Scopriamo i vari significati del termine Foȓesté con l’attore Paolo Tibaldi

Paolo Tibaldi ci racconta aneddoti le

ABITARE IL PIEMONTESE

Foȓesté: Straniero, ospite, persona sconosciuta

Quella “r” fricativa, tipica della nostra parlata, merita senz’altro una menzione d’onore: Foȓesté, colui che viene dalla foresta. Parola associata ad esseri umani, la cui percezione muta di decennio in decennio, schiava dei confini; per forza di cose risale a tempi immemori, quando qualcuno giungeva in città dall’esterno, probabilmente sbucando dalla zona boschiva che attorniava il centro abitato, dopo un viaggio chissà quanto lungo.

Un trucchetto per scommettere sulla provenienza piemontese di una persona, diceva il Professor Marengo alle scuole superiori, è di farla contare in italiano da 59 a 70. Se nella scalata dei sessanta, non pronuncerà la fatidica doppia “s”, è molto probabile che l’individuo abbia origini piemontesi: “o ȓ’è nen foȓesté” (non è straniero), avrebbero detto i nostri bisnonni.

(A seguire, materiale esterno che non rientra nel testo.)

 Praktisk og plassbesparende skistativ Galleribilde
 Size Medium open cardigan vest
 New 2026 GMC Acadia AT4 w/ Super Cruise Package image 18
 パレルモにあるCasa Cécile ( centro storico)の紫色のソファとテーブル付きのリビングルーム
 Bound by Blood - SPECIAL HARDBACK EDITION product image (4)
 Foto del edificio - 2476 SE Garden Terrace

Ora si battezza così chi viene da lontano, un ospite non-parente in casa propria, chi non parla una lingua comprensibile, qualcuno che non ha le nostre stesse abitudini e chi, insomma, fa un po’ lo gnorri per convenienza.

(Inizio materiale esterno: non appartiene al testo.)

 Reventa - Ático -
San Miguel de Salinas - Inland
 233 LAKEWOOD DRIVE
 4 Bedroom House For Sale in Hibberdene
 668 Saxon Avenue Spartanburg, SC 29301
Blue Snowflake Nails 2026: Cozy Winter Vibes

In un tempo in cui si parla di muri da torcicollo e ponti in caduta libera, è interessante constatare che questa parola abbia assunto una sua dimensione anche in lingua italiana; esempio universale ne è, per esempio, la traduzione del vangelo di Matteo: “ero forestiero e mi avete ospitato”.

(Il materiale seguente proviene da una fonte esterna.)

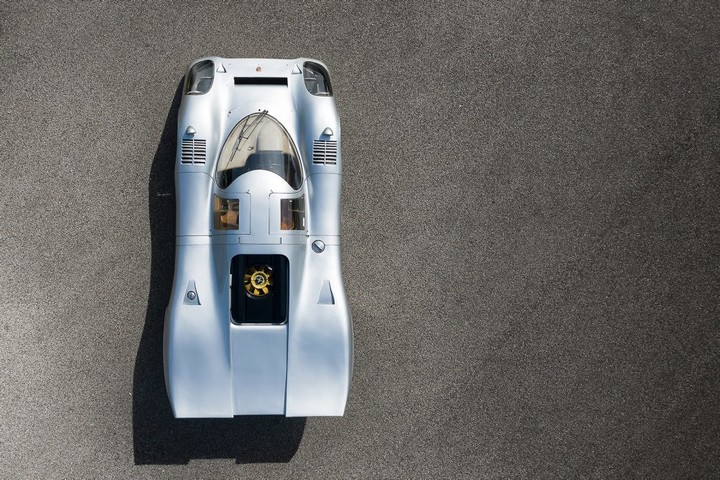 华为Mate50RS保时捷设计体验：生而峥嵘的「少数产品」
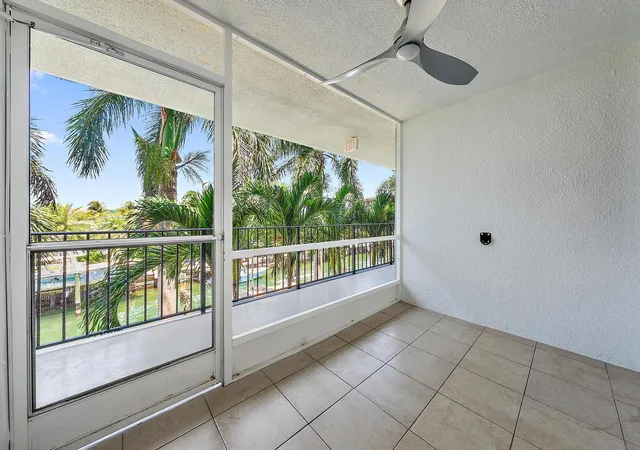 4th image of 109 Paradise Harbour Blvd #307, North Palm Beach, FL 33408 | MLS# R11084990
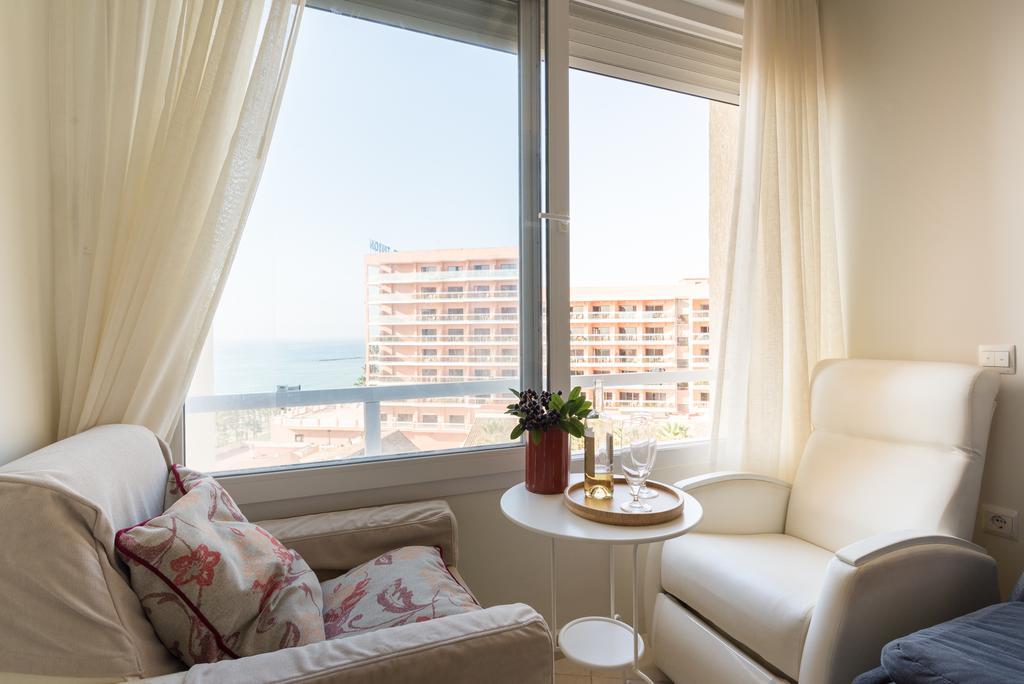 MalagaSuite Front Beach Benalmádena Bagian luar foto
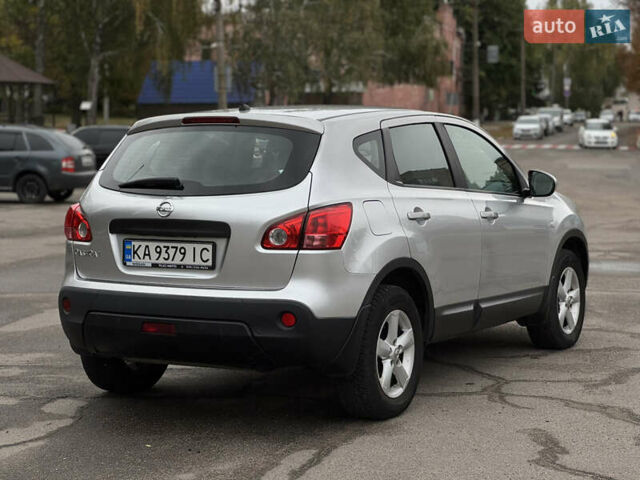 Серый Ниссан Кашкай, объемом двигателя 2 л и пробегом 197 тыс. км за 8500 $, фото 5 на Automoto.ua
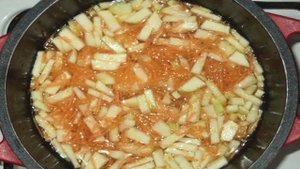 Кабачки с морковью тушеные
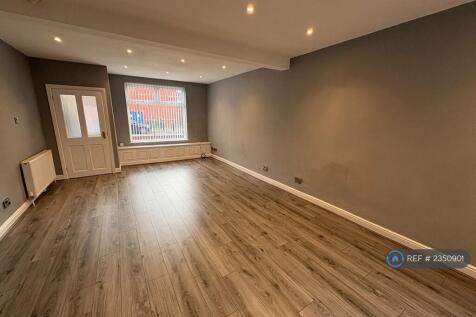 Open-Plan Living/Dining Area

Ci fu un tempo in cui i piemontesi stessi furono forestieri, prima ancora della Grande Migrazione di inizio Novecento; lo furono ironicamente addirittura in patria; nella fattispecie durante il Ducato di Savoia. La capitale era Chambery dove, tra l’altro, vi erano i Cortesi: suonatori che allietavano le corti con musiche e canti di buon livello. Quando, nel 1563, la capitale fu spostata a Torino, i menestrelli non erano certamente gli stessi; e così, gli attuali che tentavano di scimmiottare i predecessori, vennero ribattezzati falso-cortesi. Da qui la nomea regionale di doppiogiochista, ormai inquinata e travisata da tempo, di “piemontese? falso e cortese!”.